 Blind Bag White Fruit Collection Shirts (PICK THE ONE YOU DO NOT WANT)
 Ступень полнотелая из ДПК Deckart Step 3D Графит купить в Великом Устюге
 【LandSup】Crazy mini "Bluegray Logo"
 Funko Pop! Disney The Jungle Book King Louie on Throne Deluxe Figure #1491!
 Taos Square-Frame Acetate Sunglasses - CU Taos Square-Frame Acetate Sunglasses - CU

====================

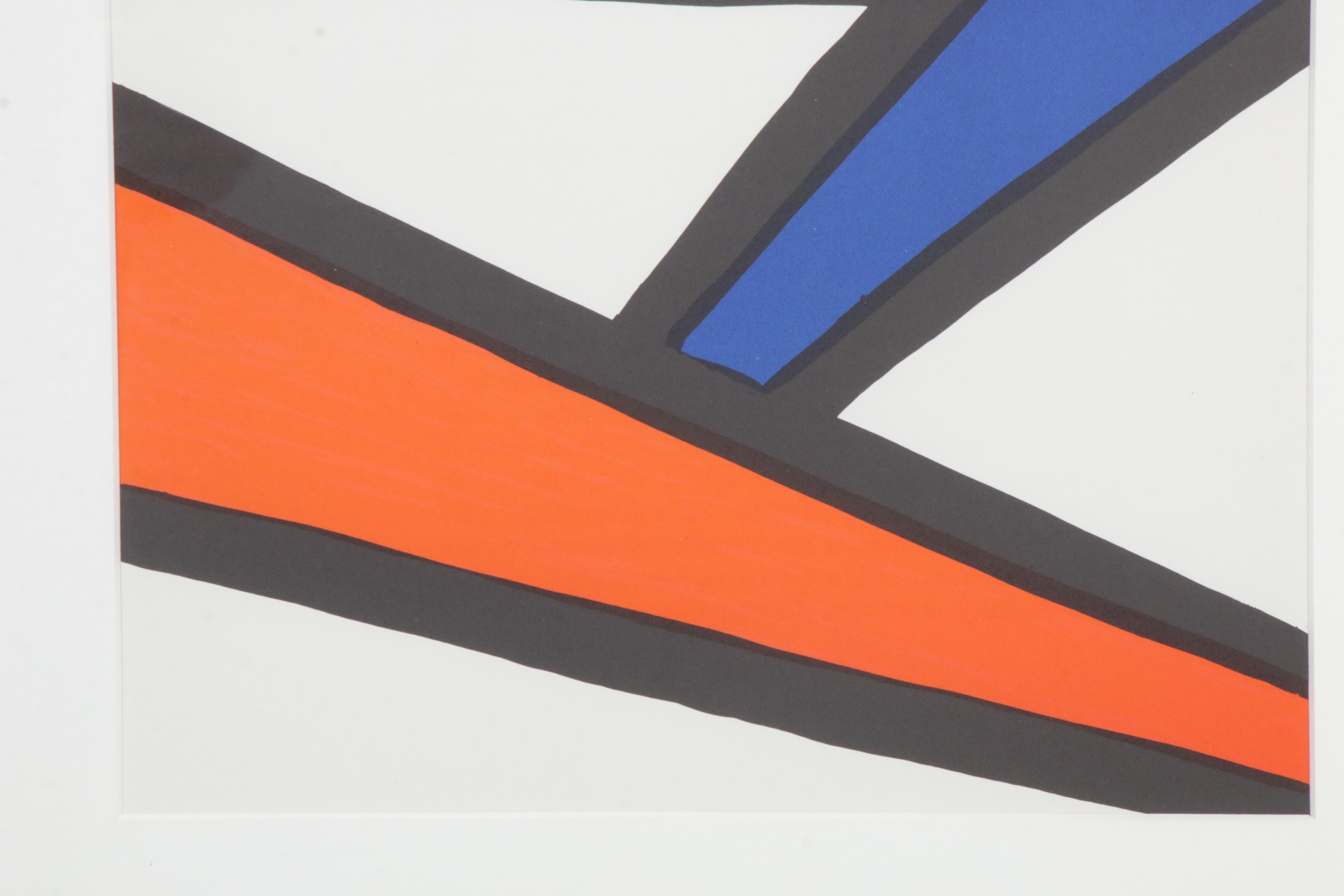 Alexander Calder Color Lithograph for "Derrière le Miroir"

====================

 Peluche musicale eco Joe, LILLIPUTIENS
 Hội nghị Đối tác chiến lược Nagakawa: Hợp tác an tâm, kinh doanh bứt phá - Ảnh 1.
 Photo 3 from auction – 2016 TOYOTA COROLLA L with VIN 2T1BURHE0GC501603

====================

Work required |
Beginning at the line above that contains "Peluche musicale eco Joe, LILLIPUTIENS", return each line exactly through the line that contains "Photo 3 from", and no others.

Reply to the task |
 Peluche musicale eco Joe, LILLIPUTIENS
 Hội nghị Đối tác chiến lược Nagakawa: Hợp tác an tâm, kinh doanh bứt phá - Ảnh 1.
 Photo 3 from auction – 2016 TOYOTA COROLLA L with VIN 2T1BURHE0GC501603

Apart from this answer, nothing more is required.